In recent weeks, I’ve introduced two of the most important skills for healthy communication between husbands and wives: speaking in a caring tone and frequent communication.
Today’s important skill is intimate communication.
Remember those magic days of new romance when you and your spouse first began dating? The ways you hugged and cuddled, the pet names you used, the sweet nothings you whispered, the way you held hands and gazed into each other’s eyes.
Those little acts of affection helped draw your hearts together because they communicated value and closeness. You used them to let each other know how much you cared. They were little signposts pointing to your loyalty.
When marriages begin to struggle, these intimate moments are often the first things to go. If a couple stops showing affection, it might be because they no longer feel affectionate. Physical withdrawal might be a sign of emotional withdrawal.
A couple who have abandoned sweet whispers, romantic gazes, or hand-holding could be a couple on the verge of problems. Why? Because relationships can’t survive without intimate touch and affection.
These little acts of intimacy are critical to keeping a marriage from becoming stale and boring. It’s our way of saying to a spouse, “I’m still attracted to you.

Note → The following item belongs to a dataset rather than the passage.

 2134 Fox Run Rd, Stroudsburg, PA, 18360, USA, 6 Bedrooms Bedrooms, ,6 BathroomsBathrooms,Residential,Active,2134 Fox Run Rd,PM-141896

I care deeply for you. I’m still invested in this relationship.”
And as insignificant as they may seem on an hour-by-hour or even day-to-day basis, the cumulative result of intimate communication is that it tells a spouse “You are the only one for me.” Through intimate touch we build our mate’s self-esteem and reaffirm our love and commitment.
I’ve been known to sneak up from behind her to grab her around the waist. I’ll give her a big hug and kiss and say, “I love you.” If I see her reading on the couch, I’ll snuggle in next to her or whisper in her ear.
She does the same with me: a sly pinch, a stolen kiss, an unprompted shoulder massage. She’s been known to wrap her hands around my neck at random times and startle me with a kiss on the ear.
Though these actions often can be sexual—or might led to sexual expression later in the day—they don’t have to be sexual. In fact, often it’s better to show affection that’s disconnected to sexual expectations, just because it takes the pressure off. It’s a kiss just for the sake of kissing, not a kiss with “an agenda.”
Throughout the day we look for these kinds of ways to show nonsexual affection to each other, because this is the best way we know to communicate our love. It’s done wonders for our relationship.
What about your marriage? Are you still showing affection like you did when you were dating? If not, maybe it’s time to return to those days of flirting, hugging, kissing, and other intimate communication—just to let your spouse know how much you still love him or her.